*TASK*
If a record contains a picture, drop the picture and copy everything else exactly.
____
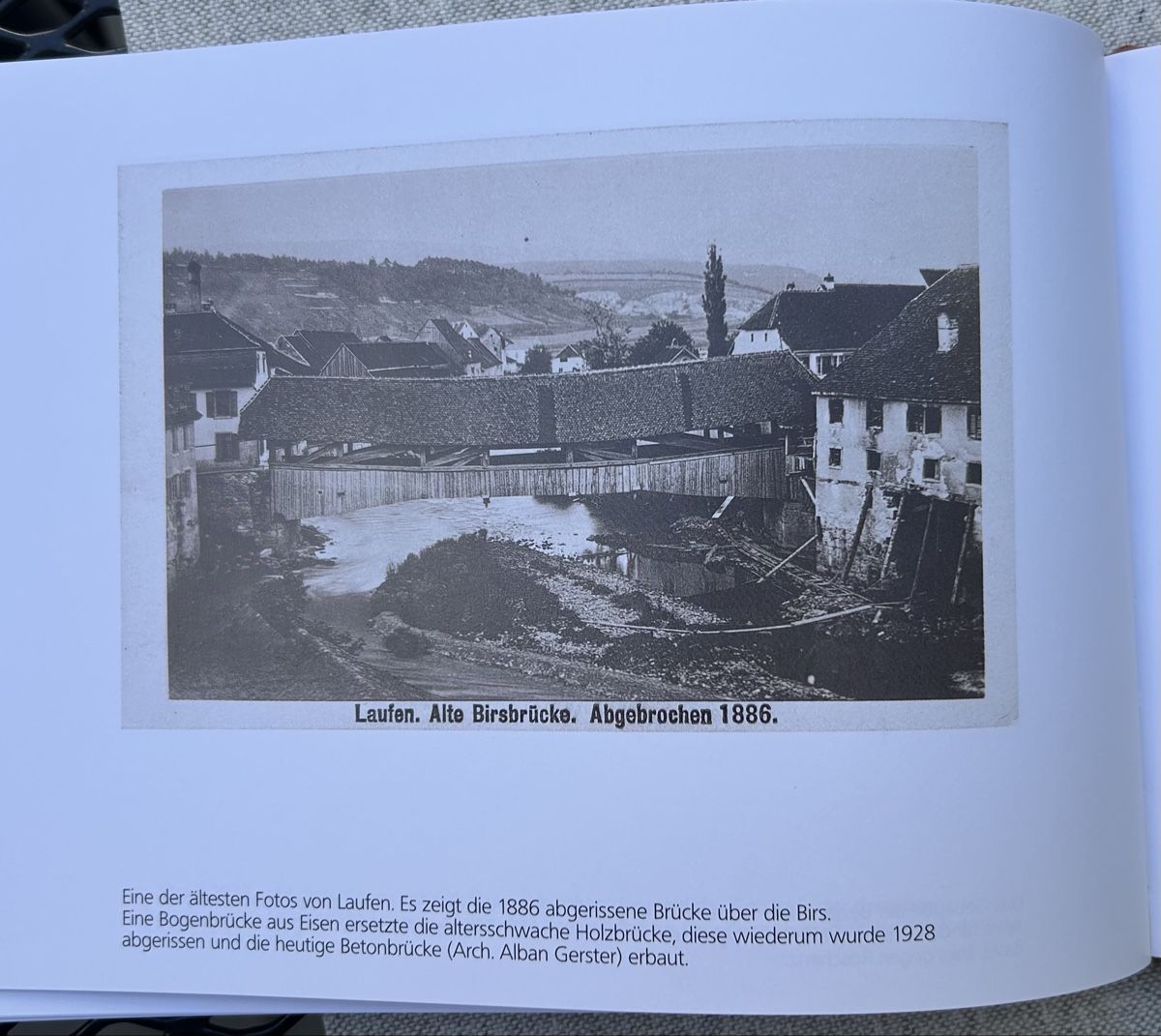Bücher: Baselland/Solothurn. Im Laufental. Alte Ansichtskarten. – Neu (gemäss Beschreibung) aus Reinach BL von Linda013 8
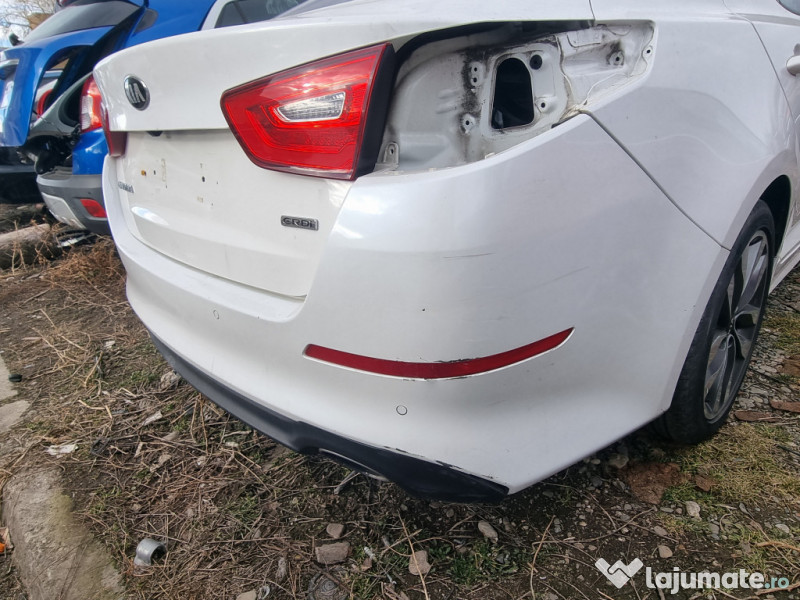 Bara spate Kia Optima 2016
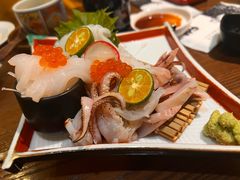 -纹兵卫手打荞麦面日料(虹桥本店)
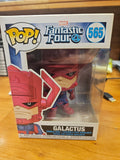 Funko Pop Marvel Fantastic Four 565 Galactus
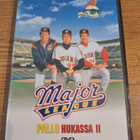 Major League-Pallo Hukassa II - pikkukuva 1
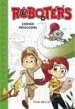 AudioLibro Codigo Troglodita (Serie Roboters 2) de Tom Helix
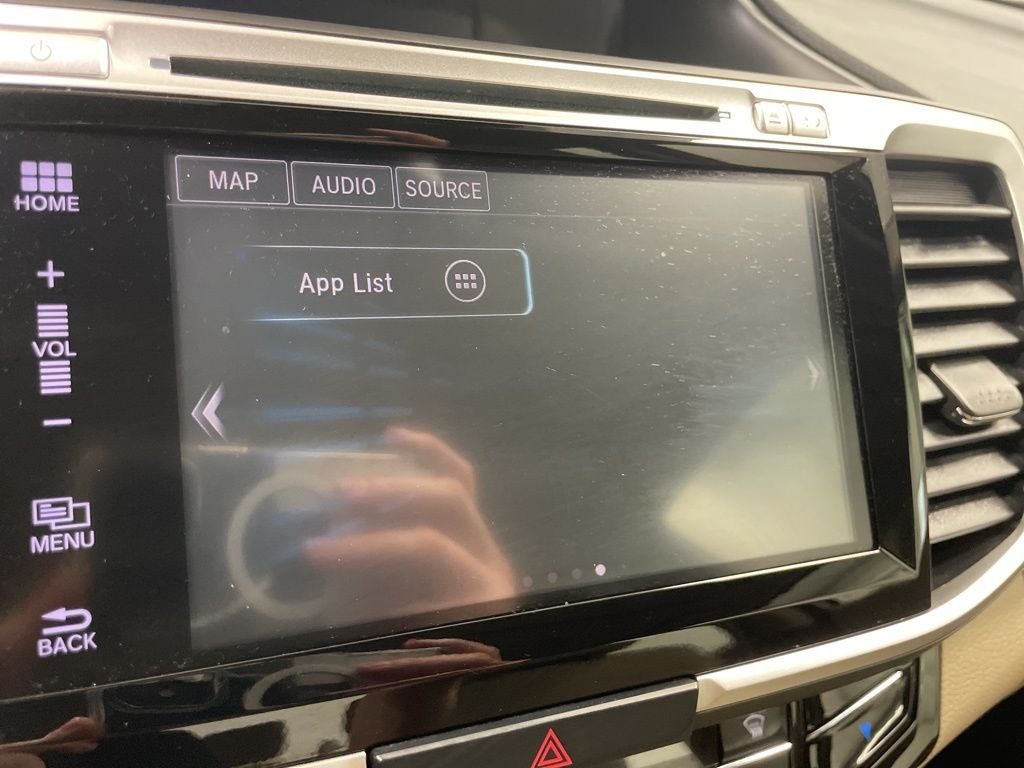 2016 Honda Accord Touring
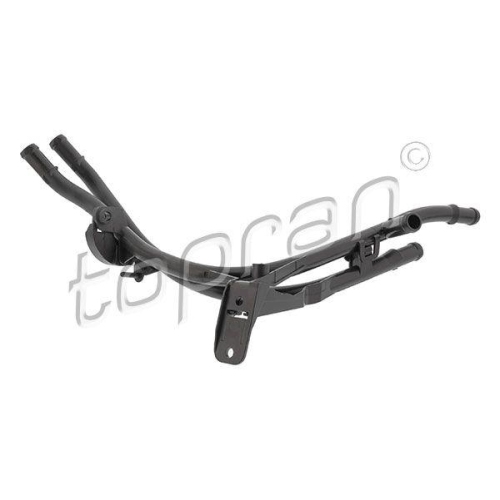 TOPRAN K&uuml;hlmittelrohrleitung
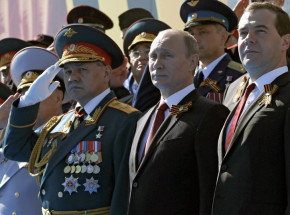 Wywiad USA: Putin czuje się oszukiwany przez swoich doradców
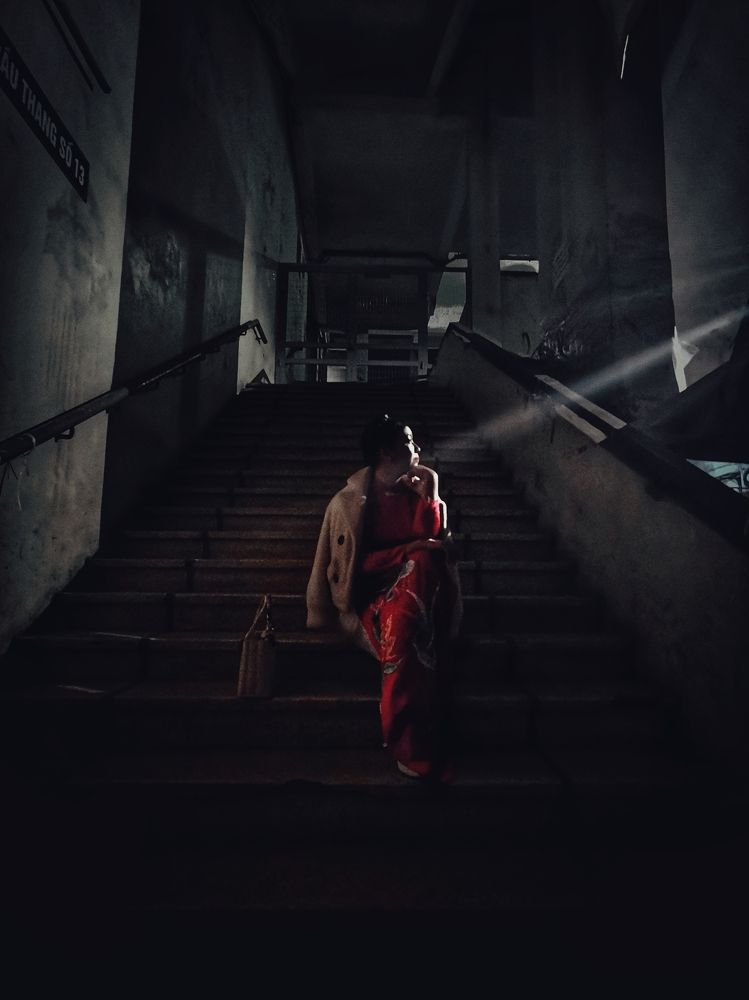 Photograph by Kevin Nguyen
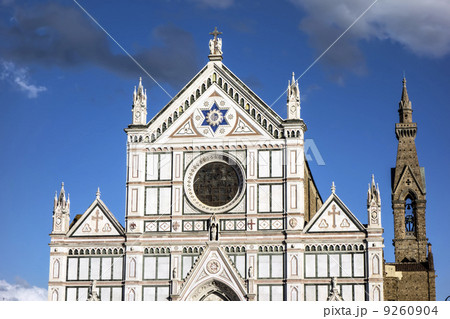 Santa Croce church, Florence Santa Croce church, Florence 9260904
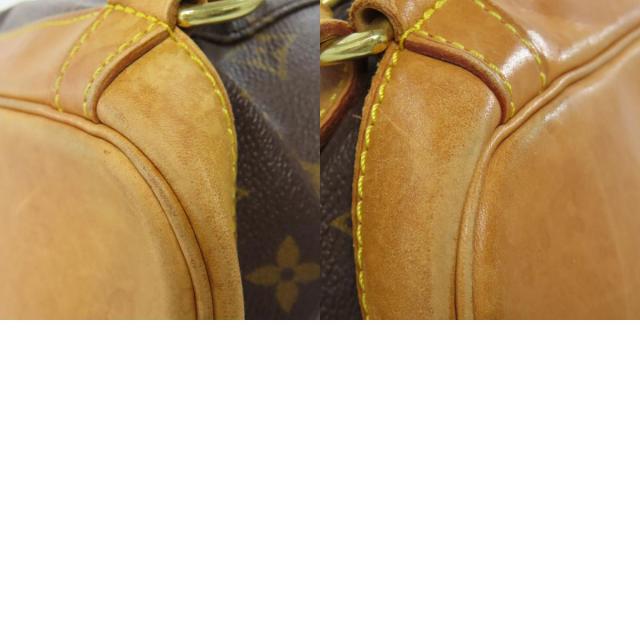 LOUIS VUITTON ルイヴィトン M51135 モンスリGM リュック・デイパック 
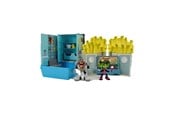 Leketøy - Teen Titans Go Kitchen Chaos Display Sett - 6070557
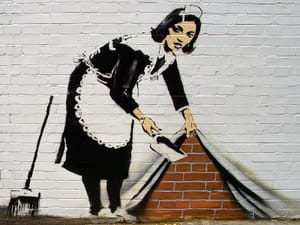 Deconstructing the latest Banksy hoax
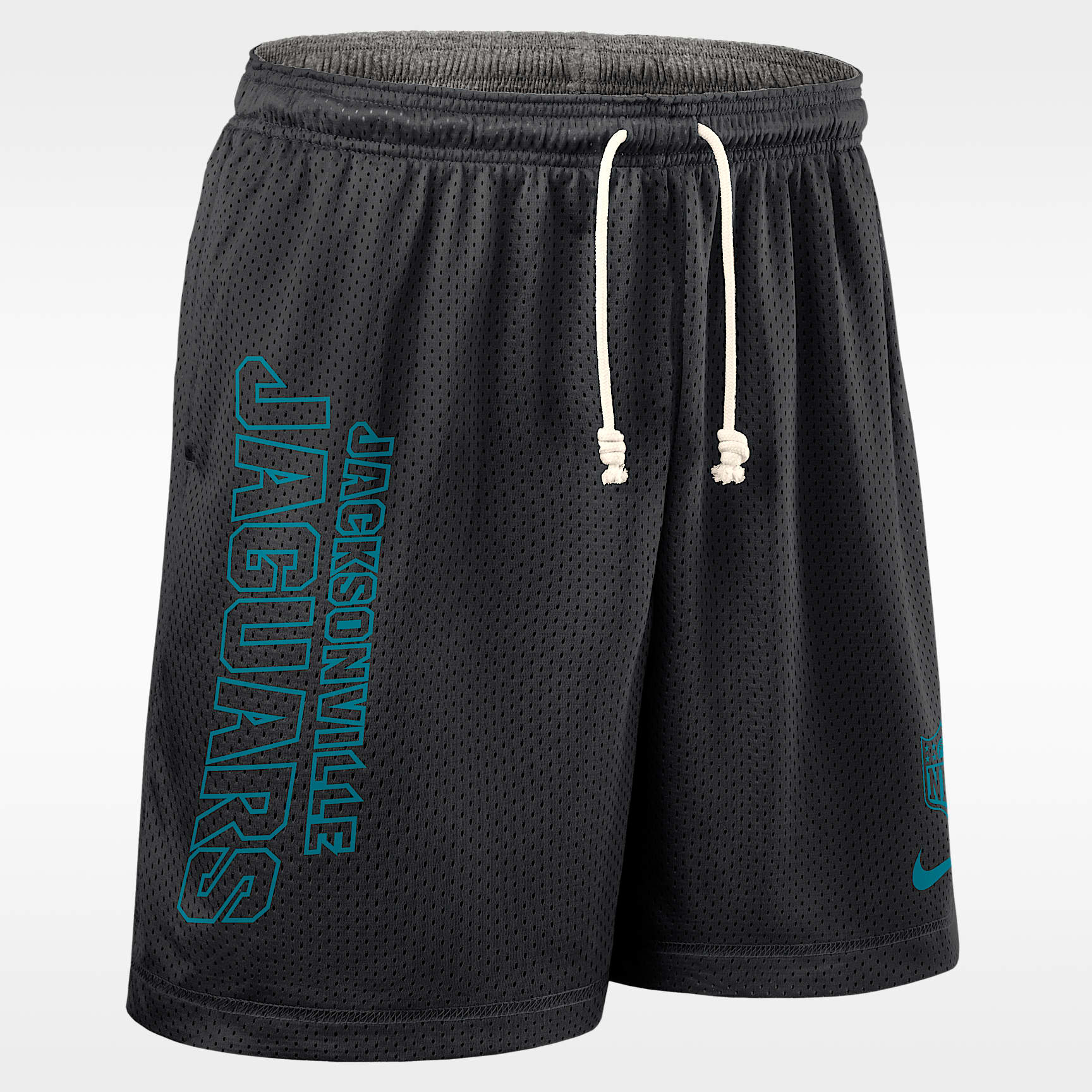 NIKE_777 Saver Cross セミドライ(5/3mm)ウェット Jacksonville Jaguars Sideline Reversible Men's Nike Dri-FIT NFL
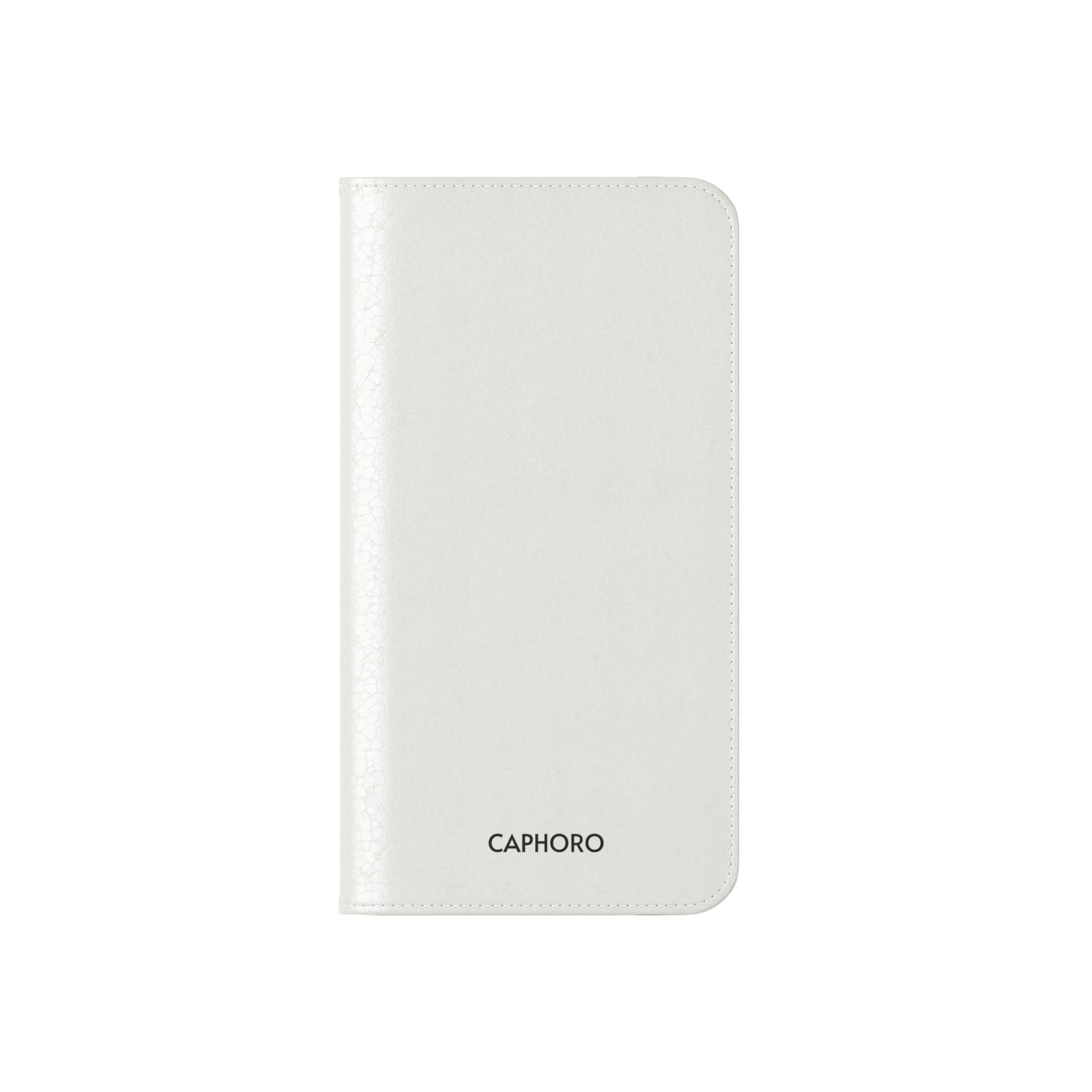 Classic Leather Flip Phone Case with Card Slots — Protective Magnetic Folio for iPhone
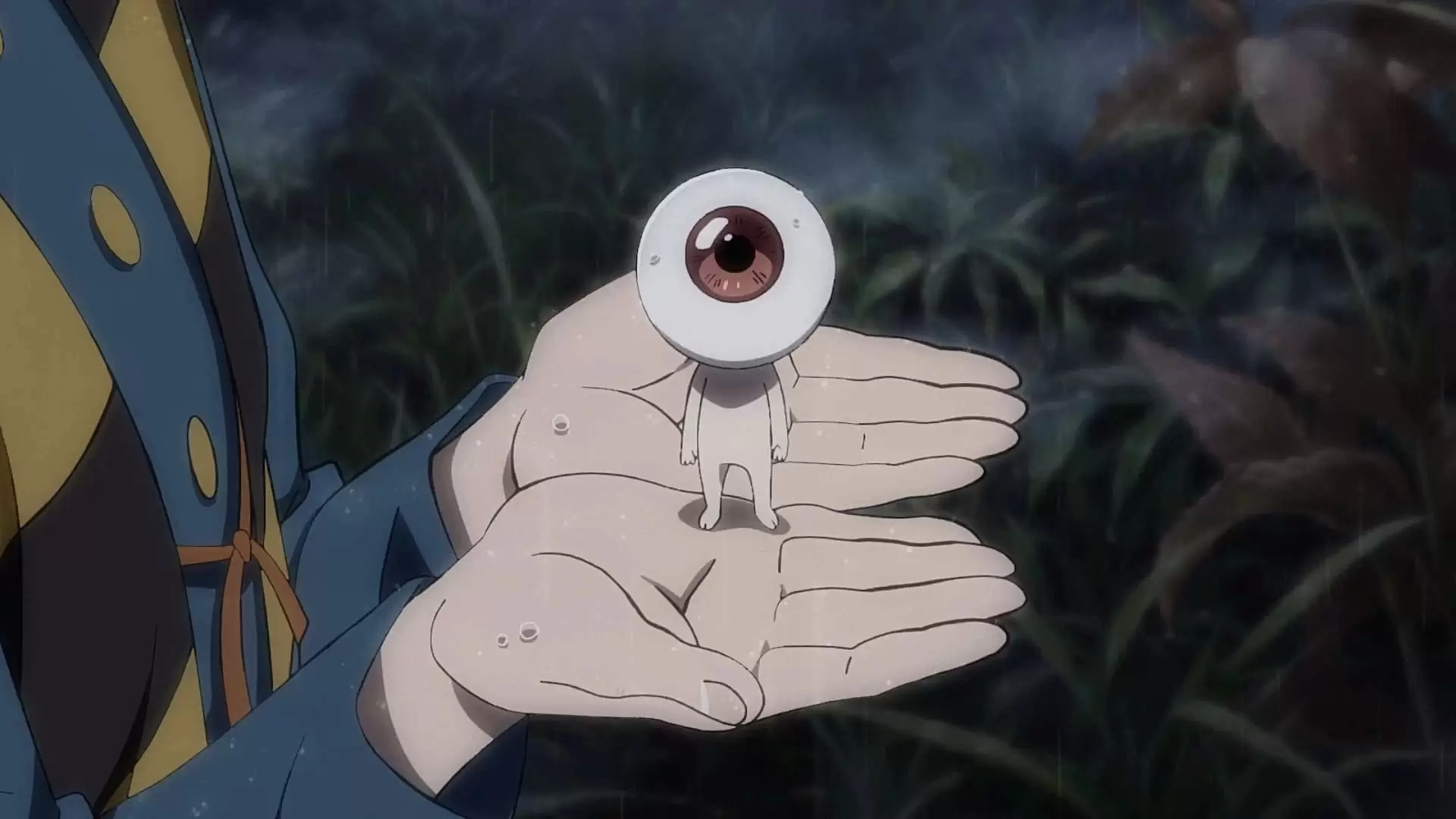دانلود انیمه The Birth of Kitaro: Mystery of GeGeGe 2023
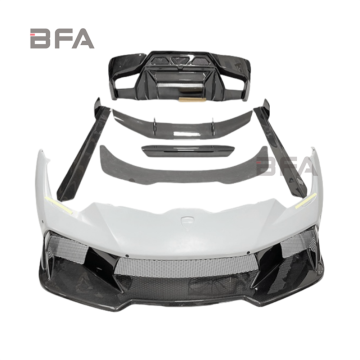 Vorsteiner Style Carbon Fiber Body Kit for Lamborghini Huracan LP580/610
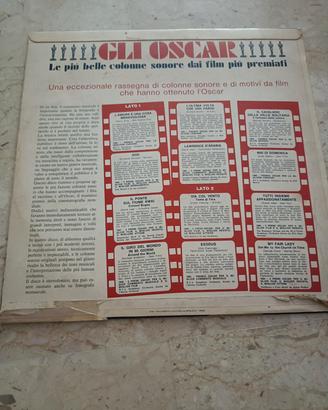 disco " gli oscar"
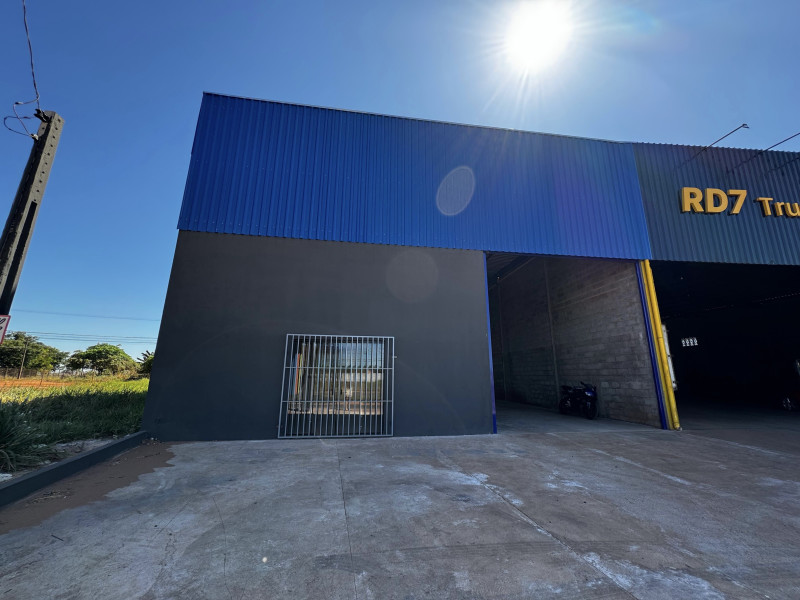 imóvel com 723m² - Loteamento Cidade Nova - Araguaina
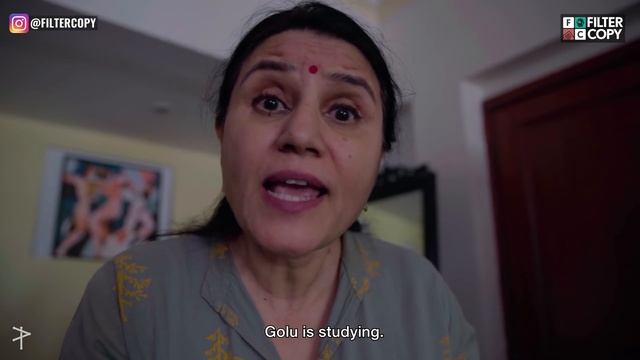 FilterCopy | Moms During Board Exams | Devishi Madaan, Kavita Wadhawan and Pyarali Nayani смотреть онлайн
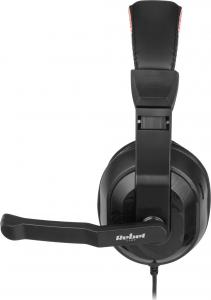 Słuchawki Rebel Comp GH-10 Czerwony (KOM1080) 4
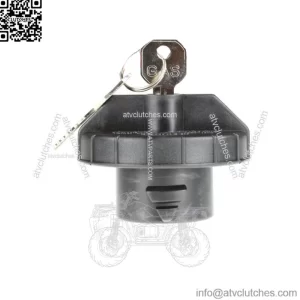 MotoRad MGC901 Fuel Tank Gas Cap for P5909 MGC901SK 9MGC901 703-1647 5909 pm (For: More than one vehicle)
____
*WRITTEN RESPONSE*
Bücher: Baselland/Solothurn. Im Laufental. Alte Ansichtskarten. – Neu (gemäss Beschreibung) aus Reinach BL von Linda013 8
 Bara spate Kia Optima 2016
 -纹兵卫手打荞麦面日料(虹桥本店)
 Funko Pop Marvel Fantastic Four 565 Galactus
 Major League-Pallo Hukassa II - pikkukuva 1
 AudioLibro Codigo Troglodita (Serie Roboters 2) de Tom Helix
 2016 Honda Accord Touring
 TOPRAN K&uuml;hlmittelrohrleitung
 Wywiad USA: Putin czuje się oszukiwany przez swoich doradców
 Photograph by Kevin Nguyen
 Santa Croce church, Florence Santa Croce church, Florence 9260904
 LOUIS VUITTON ルイヴィトン M51135 モンスリGM リュック・デイパック 
 Leketøy - Teen Titans Go Kitchen Chaos Display Sett - 6070557
 Deconstructing the latest Banksy hoax
 NIKE_777 Saver Cross セミドライ(5/3mm)ウェット Jacksonville Jaguars Sideline Reversible Men's Nike Dri-FIT NFL
 Classic Leather Flip Phone Case with Card Slots — Protective Magnetic Folio for iPhone
دانلود انیمه The Birth of Kitaro: Mystery of GeGeGe 2023
 Vorsteiner Style Carbon Fiber Body Kit for Lamborghini Huracan LP580/610
 disco " gli oscar"
 imóvel com 723m² - Loteamento Cidade Nova - Araguaina
 FilterCopy | Moms During Board Exams | Devishi Madaan, Kavita Wadhawan and Pyarali Nayani смотреть онлайн
 Słuchawki Rebel Comp GH-10 Czerwony (KOM1080) 4
 MotoRad MGC901 Fuel Tank Gas Cap for P5909 MGC901SK 9MGC901 703-1647 5909 pm (For: More than one vehicle)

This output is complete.